In June 2002, appellant Anthony Carman pleaded guilty to multiple counts of kidnapping and burglary in violation of Minn. Stat. §§ 609.05, subds. 1–2, .11, subd. 5(a), .25, subds. 1(2)–(3), 2(1), and .582, subd. 1(b) (2002). The district court sentenced appellant to 180 months’ imprisonment but stayed execution for a period of 20 years and placed appellant on probation under the following terms: (1) abstain from all mood-altering chemicals and alcohol; (2) refrain from entering establishments whose primary purpose is the sale or serving of alcohol; (3) have no association with persons known to be involved in the use, sale, or distribution of drugs; and (4) remain law abiding.
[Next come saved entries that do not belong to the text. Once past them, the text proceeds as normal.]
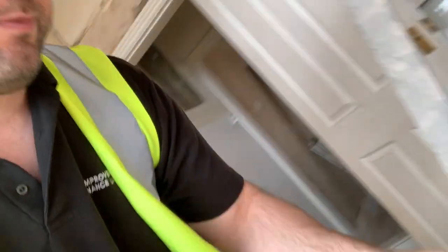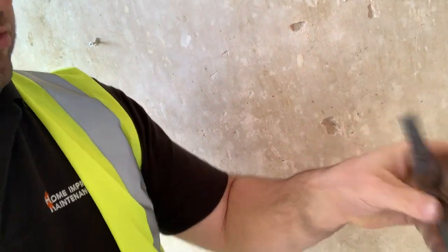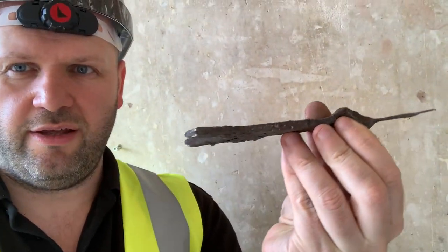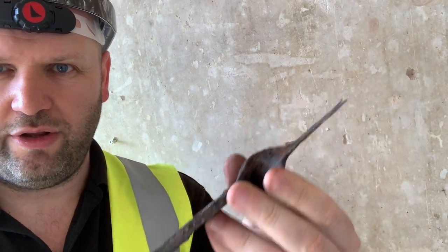And then this one — this one's even more corroded. Can you see the difference there? Look where this finger is — it's gone to nothing.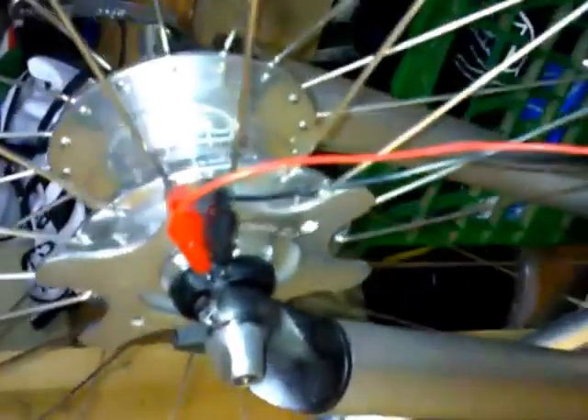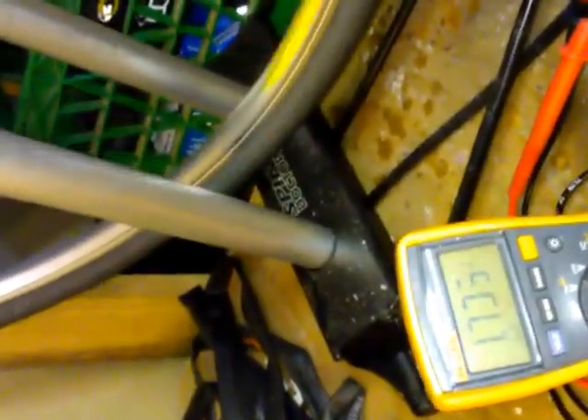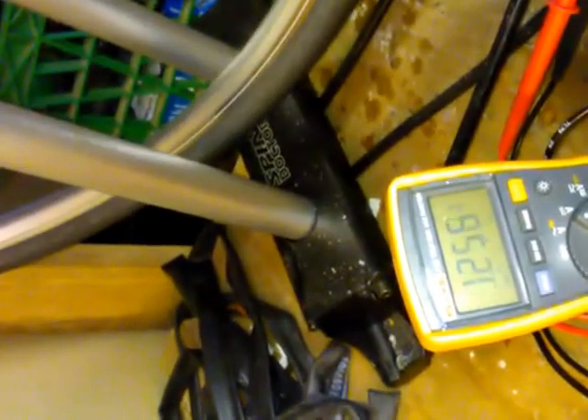Now you can see there's a little resistance. I'll turn it — that noise is just the alligator clips. See, the volt reading just kind of fluctuates around; it just goes all over the place.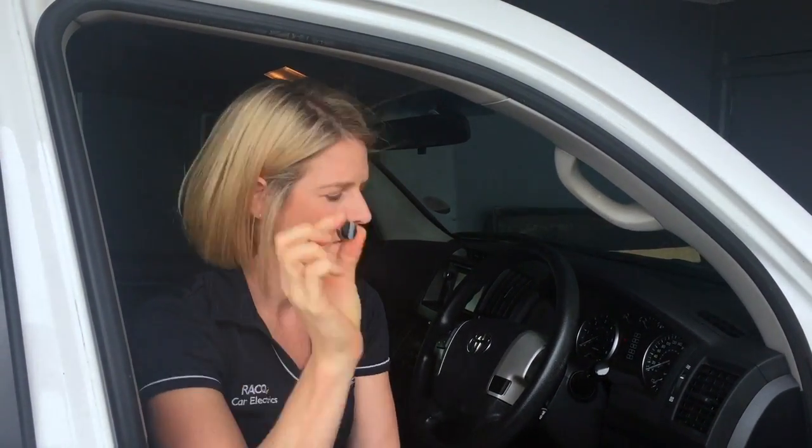The first reason: the TowPro Elite is what we call a remote head brake controller. The base unit goes behind the dashboard and you'll never see it at all. All you see on the dash is a little remote head, which is used to control the unit.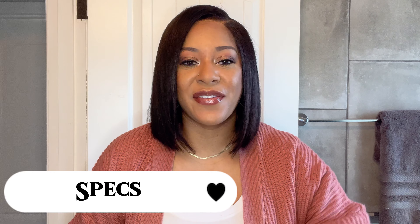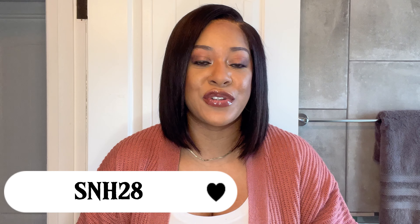Let's get into the specs of this gorgeous bob. This is LuvMe Hair's Parting Max glueless wig — silky straight blunt cut bob with a 7x6 closure, HD lace, and a breathable cap. This unit is 10 inches long and is $149.90. I have a promo code, SNH28, which gets you 28% off that price. The unit is 100% human hair at 150 density, with pre-bleached knots on the hairline.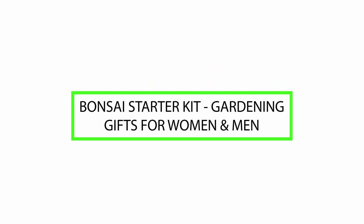Greetings. Today we will review the Bonsai Starter Kit, gardening gifts for women and men. Please watch till the end of this video so we can help you make the purchasing decision on whether this product is good or not.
The district court also ordered appellant to serve one year in the county jail. This sentence was a downward dispositional departure from the presumptive guidelines sentence.
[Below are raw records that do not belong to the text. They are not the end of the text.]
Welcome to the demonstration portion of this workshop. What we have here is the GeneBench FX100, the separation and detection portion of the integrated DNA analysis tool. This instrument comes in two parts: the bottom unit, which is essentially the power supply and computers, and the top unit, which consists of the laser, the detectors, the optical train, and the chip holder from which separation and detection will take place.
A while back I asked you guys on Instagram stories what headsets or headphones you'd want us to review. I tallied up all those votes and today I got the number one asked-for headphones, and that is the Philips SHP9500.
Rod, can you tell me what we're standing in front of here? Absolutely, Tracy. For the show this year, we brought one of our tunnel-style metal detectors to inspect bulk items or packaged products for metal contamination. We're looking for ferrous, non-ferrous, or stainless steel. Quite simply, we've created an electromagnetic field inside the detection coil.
In February 2004, appellant’s probation officer issued a violation report because appellant had tested positive for cocaine; admitted to drinking alcohol and entering a bar; associated with persons known to be involved in the use, sale, or distribution of drugs; and was arrested for burglary, damage to property, and interfering with a 911 call. The violation report recommended revoking appellant’s probation.
At the probation-violation hearing, appellant admitted that he had violated the conditions of his probation. Consequently, the district court revoked appellant’s probation and executed his sentence. On direct appeal, appellant argued that the district court abused its discretion by not making an explicit finding regarding why the need for confinement outweighed the policies favoring probation. Despite the lack of findings, this court affirmed the district court, reasoning that there was sufficient evidence in the record to support a finding that the need for confinement outweighed the policies favoring probation. State v. Carman, No. A04-966 (Minn. App. Jan. 11, 2005), rev’d mem., 696 N.W.2d 789 (Minn. 2005). The supreme court granted appellant’s petition for further review and stayed all proceedings pending final disposition in State v. Modtland, 695 N.W.2d 602 (Minn. 2005). After the Modtland opinion was released, the supreme court reversed this court’s decision and remanded the case to the district court for a new decision on probation revocation consistent with its holding in Modtland. State v. Carman, 696 N.W.2d at 789.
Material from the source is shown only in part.